* [ENTRIES PROVIDED]:
* * * * * * *
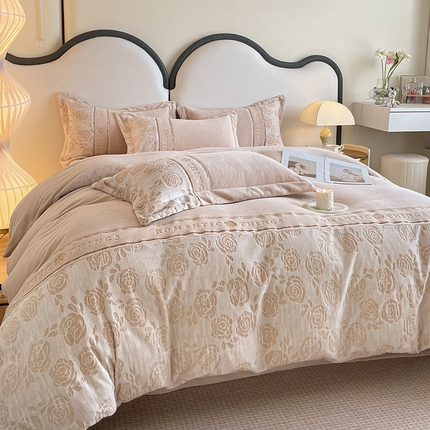 91家纺网 家纺一手货源 找家纺 （总）金牛座家纺 2025新款牛奶绒浮雕拼接刺绣四件套-爱慕系列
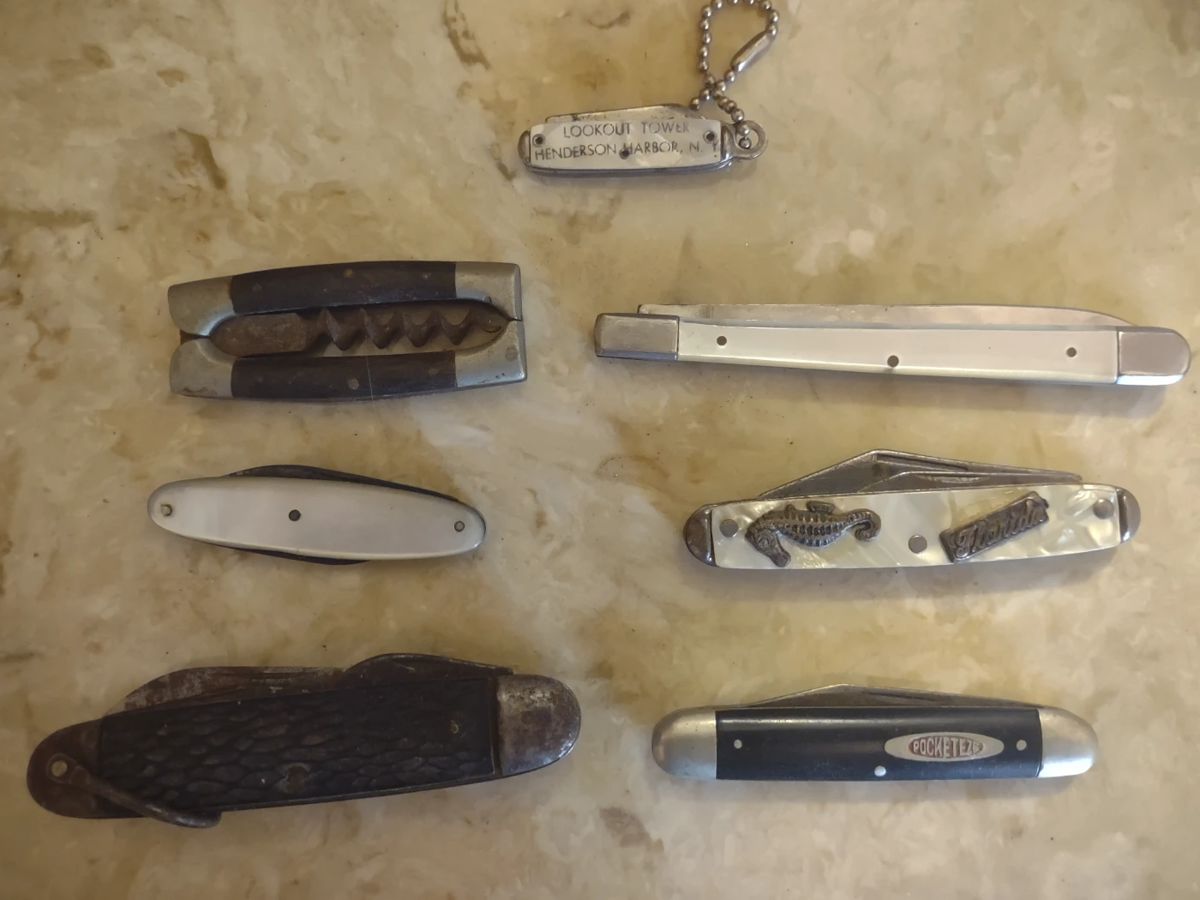 Estate sale in Hamilton Lakes neighborhood starts on 10/21/2023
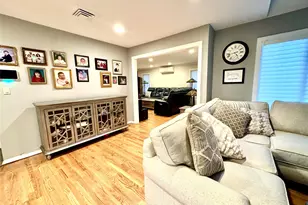 42 Hearthstone Dr, Dix Hills, NY 11746 - Photo 10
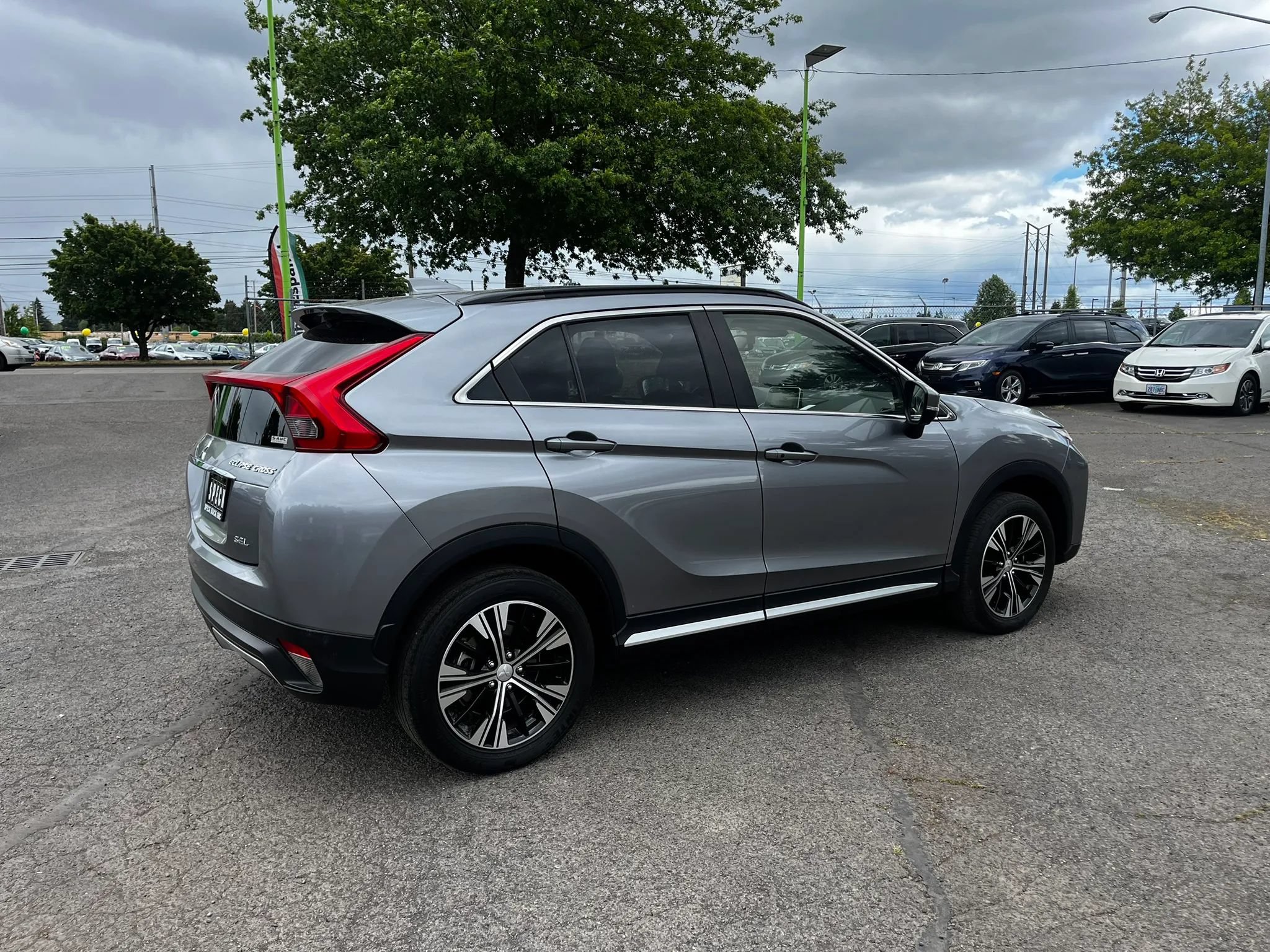 Used 2019 Mitsubishi Eclipse Cross SEL AWD/4WD image 3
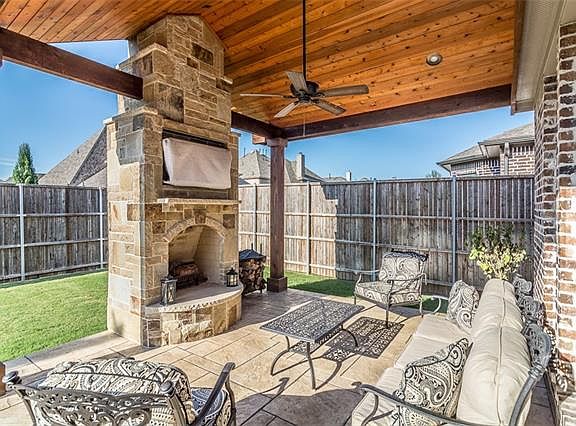 3rd image of 14750 Ireland Ln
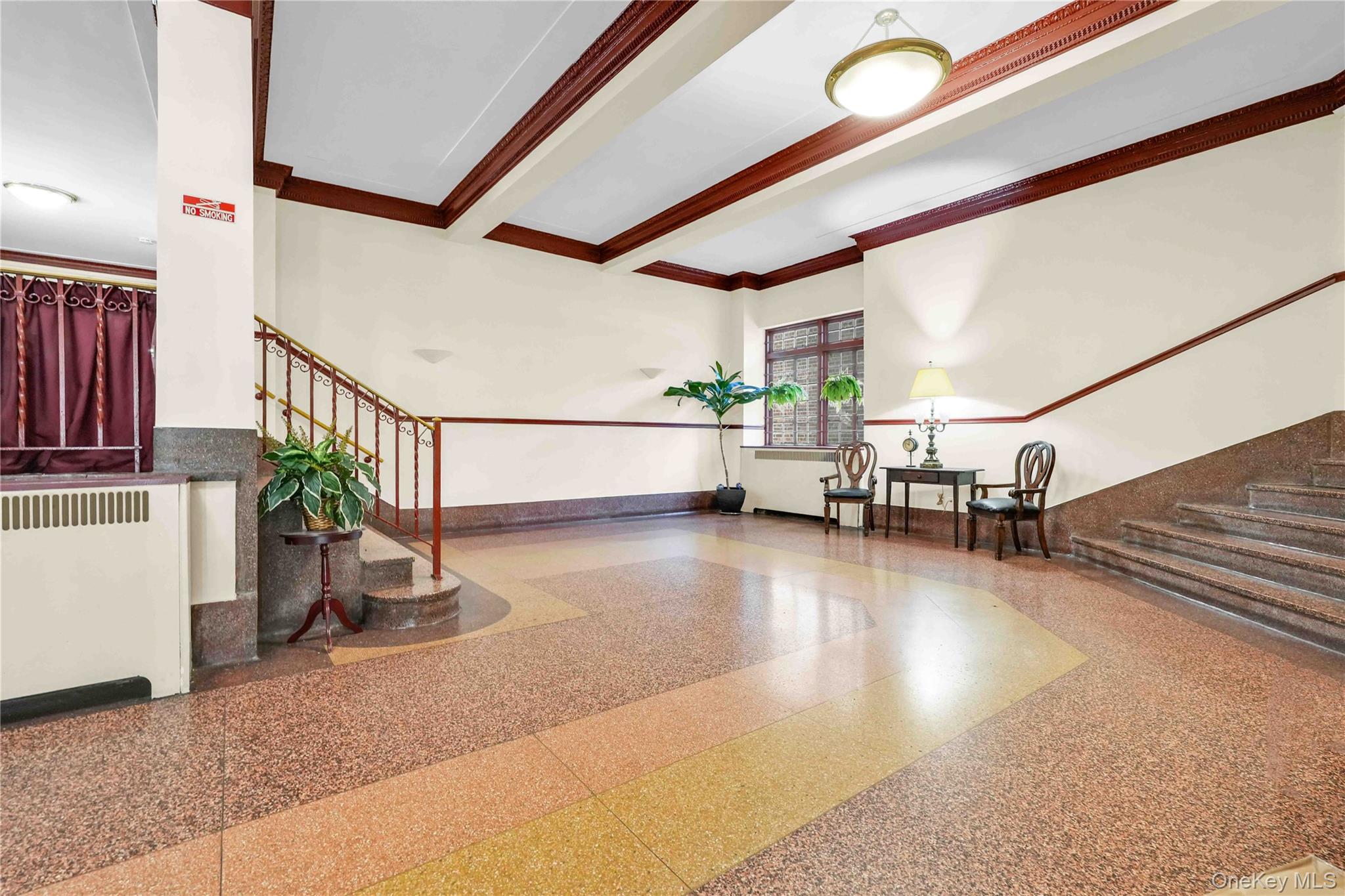 30-83 Crescent Street Unit: 2B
* * * * * * *
* [WHAT IS NEEDED]: The lines to copy run from the line containing "Used 2019 Mitsubishi" through the end of the data above; copy exactly those, minus the pictures.

* [WRITTEN SOLUTION]:
 Used 2019 Mitsubishi Eclipse Cross SEL AWD/4WD image 3
 3rd image of 14750 Ireland Ln
 30-83 Crescent Street Unit: 2B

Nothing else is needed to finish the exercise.